Wacz file little more than 4GB

macg3110 · March 25, 2025, 8:50am

Hi, I looked some logs in the forum. I found wacz file should be less than 4GB.
I have 4.15GB of archival data. I tried to delete some pages, I don’t know why, the data went up to 4.25GB.
I was able to download the wacz file with no error. Is the wacz file safe? or it’s better to restart archive?

DHK · March 25, 2025, 2:40pm

Your post terrified me: I regularly take a 28G warc.gz file, combined with a 9G warc.gz file to create a 37G wacz file, and have never had problems. I never knew of the 4G limit, and apparently my computers haven’t either.

Hank · March 25, 2025, 4:14pm

No idea where you found this but it’s incorrect. WACZ files can be of any size, in Browsertrix they are saved in 10GB increments while crawling, but that’s really just a resilience precaution / convenience (downloading one giant file in a web browser is harder than many smaller files).

macg3110 · March 25, 2025, 7:58pm

Interesting. I found the information in the forum.

Might be information is too old, and the tool is updated?
But, as fact. I archived 35-45GB, tried to download them, and it failed to download several times.

Anyway, thanks for the information, seems like 4-5GB would be fine to download with no error

Hank · March 25, 2025, 8:20pm

Oh yeah, that’s an old bug! Fixed long ago.
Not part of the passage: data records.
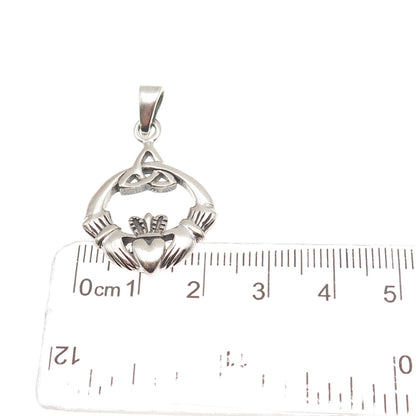 925 Sterling Silver Vintage Irish Claddagh Oxidized Charm Pendant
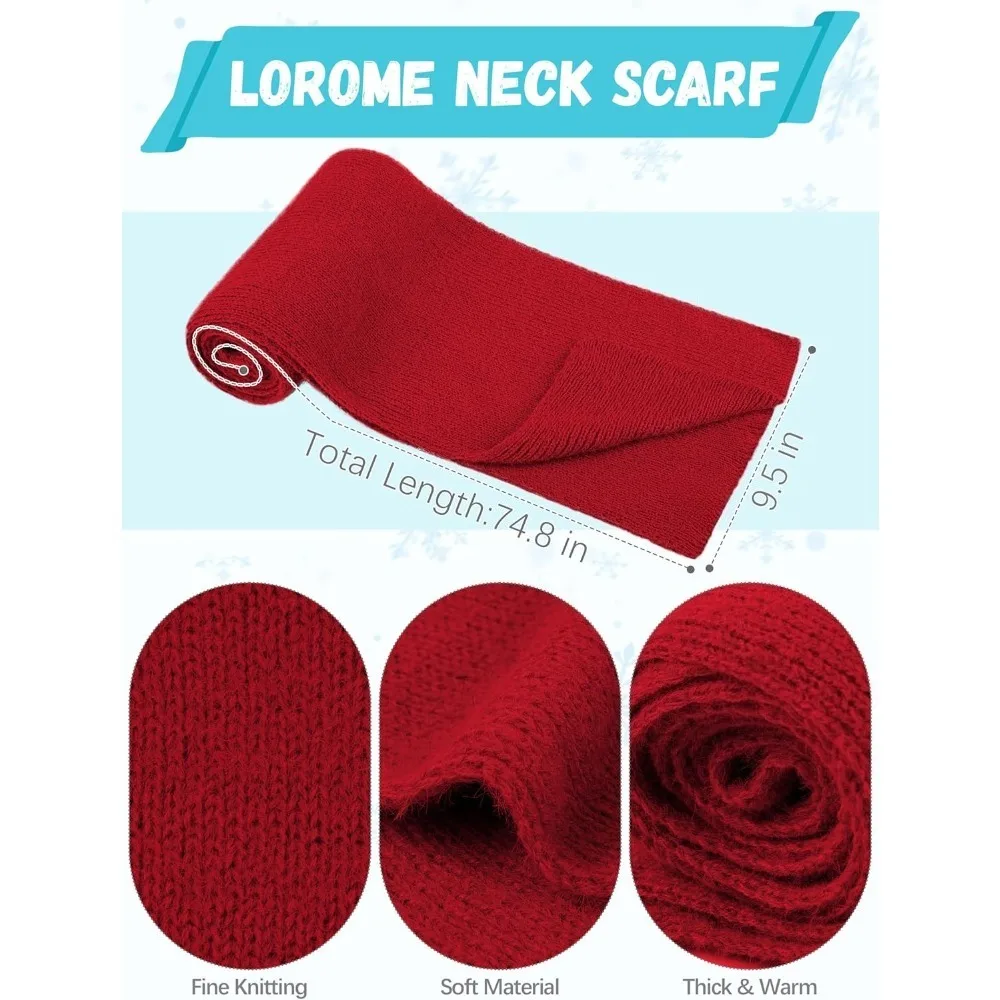 الشتاء قبعة قبعة وشاح قفازات، الدافئة الصوف متماسكة قبعة وشاح طويل الرقبة أدفأ شاشة تعمل باللمس قفازات الشتاء مجموعة هدايا للنساء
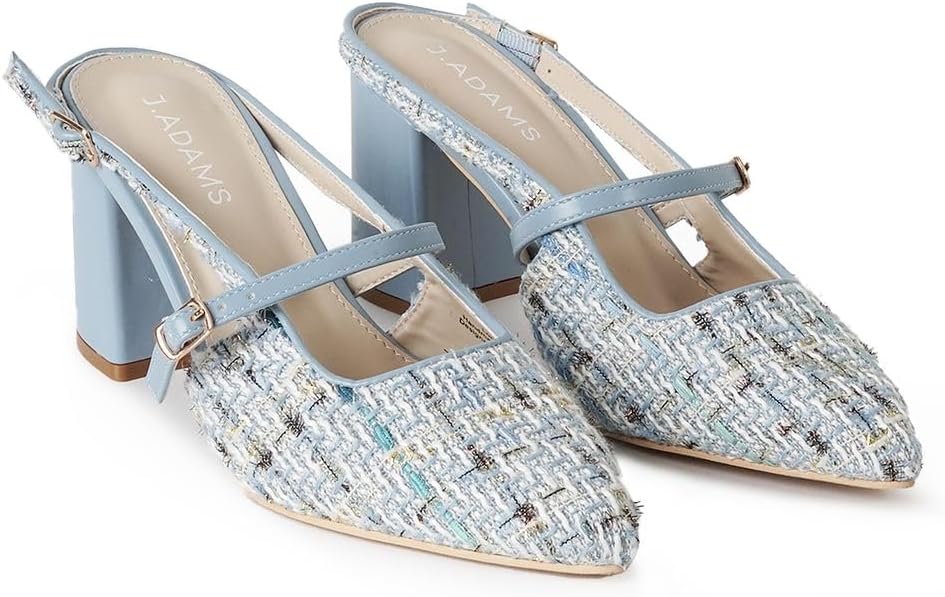 J. Adams Lori Women's Tweed Pointed Toe Block Heel Slingback Pumps - Stylish and Comfortable Mary Jane Heels Black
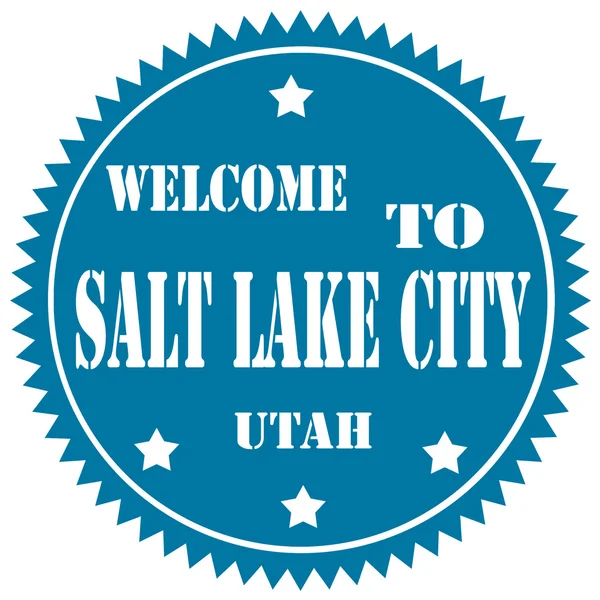 Welcome To Salt Lake City-label — Stock Vector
From Browsertrix? As I mentioned, downloading larger files in a web browser can have issues… If your connection drops out, web browsers aren’t great at resuming. You may consider downloading the individual ~10GB WACZ files available in the files tab of your archived item. Granted, the process for loading these into ReplayWeb.page via a JSON file is a little under-documented right now.

macg3110 · March 29, 2025, 8:02pm

Oh, thanks!
I don’t know anything about scripting, the json file might be too smart for me, but I will try if I can handle it

Hank · March 29, 2025, 11:49pm

While ReplayWeb.page accepts a JSON file, you may also have an easier time combining these into a multi-WACZ file.

If you download any collection containing multiple crawls / uploads, unzip the WACZ with any unarchiving program (Archive Utility, Keka, The Unarchiver, etc on macOS or 7Zip on Windows) you should find a similar JSON file within that can serve as a reference! Mirror the directory structure with your downloaded files, list the new files in the JSON where the previous ones where, and zip it back up!